This study is situated in a series of Scratch professional development workshops which aim to facilitate in-service mathematics teachers’ learning in a programming-based mathematical context. The following subsections detail the methods undertaken.

3.1 Participants and context

A 10-h, five-week professional development workshop series in Scratch programming was delivered online (one two-hour session per week) to six in-service secondary school mathematics teachers, recruited through the network of the first author (hereafter, “the researcher”) in Mainland China. Inclusion criteria of participants were: (1) having a range (1 to 5 years) of teaching experience; (2) having no prior experience of Scratch programming; and (3) showing a strong interest in programming-based mathematical activities as professional development. Four female and two male teachers, aged from 20 to 30, were divided into three pairs, and each pair attended the workshops separately to maintain an optimal researcher: participant ratio of 1:2 for in-depth analysis. Most of the sessions are completed by two participants working together throughout; but as the session chosen for this study aims to examine the creativity of each individual, the two participants first worked together to familiarize themselves with some basic functionality by solving a geometry task, and then worked independently with Scratch to create geometric figures. Only when the participants encountered difficulties would the researcher briefly pause their work and lead a discussion between the two participants.

3.2 Task design

We chose a task used during the third session as the focus of our investigation because it offered flexibility for participants to express and create their figures through tinkering with different aspects of rotational symmetry, namely, what figure to be rotated and how to rotate it. From a programming perspective, the task may prompt the use of loops when making a figure with congruent sides and congruent interior angles, and of subroutines (“My Block” in Scratch) when creating duplicates of a figure. During the session, we initially invited the teachers to draw some geometrical figures utilizing concepts such as angle of turn and interior angles of regular polygons. Then, they were given a sample figure made up of six identical pentagons differing by a 60-degree turn at one of the vertices of the pentagon (Fig.  1 ) and asked to work collaboratively to replicate it in Scratch. This was intended to familiarize the teachers with the drawing functions (“Pen up,” “Pen down,” “erase all”) and some transformation functions (“turn,” “move,” “rotate”). Following that, they were given 30 min to engage in the exploratory drawing task, working individually to create any figures that they wished according to their imagination.

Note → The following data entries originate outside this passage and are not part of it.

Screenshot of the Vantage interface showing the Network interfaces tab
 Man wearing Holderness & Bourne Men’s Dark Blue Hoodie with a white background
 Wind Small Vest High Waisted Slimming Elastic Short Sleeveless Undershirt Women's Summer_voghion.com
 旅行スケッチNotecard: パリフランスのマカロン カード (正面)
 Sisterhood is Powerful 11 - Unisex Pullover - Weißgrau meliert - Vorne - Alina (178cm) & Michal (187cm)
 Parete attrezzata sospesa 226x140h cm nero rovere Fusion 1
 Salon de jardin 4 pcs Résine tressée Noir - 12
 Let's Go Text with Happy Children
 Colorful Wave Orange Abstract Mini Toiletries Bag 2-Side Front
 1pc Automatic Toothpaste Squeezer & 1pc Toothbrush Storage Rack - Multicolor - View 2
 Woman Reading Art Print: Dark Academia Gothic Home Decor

Sample figure of rotational symmetry

3.3 Data collection and analysis

Given that “we may not, and probably cannot, account for students’ [or others’] mathematics using our own mathematical concepts and operations” (Steffe & Thompson, 2000 , p. 268), we collected data through task-based semi-structured interviews during participants’ geometry figure construction process. Task-based semi-structured interview is suitable for this qualitative and in-depth study, as we could interpret the participants’ task performance to look for evidence of creative actions from their discourse. To maximize discourse opportunities, we used open questions to prompt the participants to express their thought processes (e.g., What did you do? Why did you do this? How did you achieve this drawing? Is there anything else you would like to draw?) By asking a series of what, why and how questions, we aimed to interpret the participants’ thinking processes from a discursive approach while triangulating with their programming activities as captured by screen-recording. Since an important characteristic of the qualitative research methodology is the collection and analysis of data from multiple sources, we collected observation data and the programming artefacts during the task. In summary, the qualitative data emanated from several sources: video-recorded construction sessions which captured the participants’ interviews and computer screens on which they were working; the participants’ final programming codes and working notes; and the researcher’s field notes.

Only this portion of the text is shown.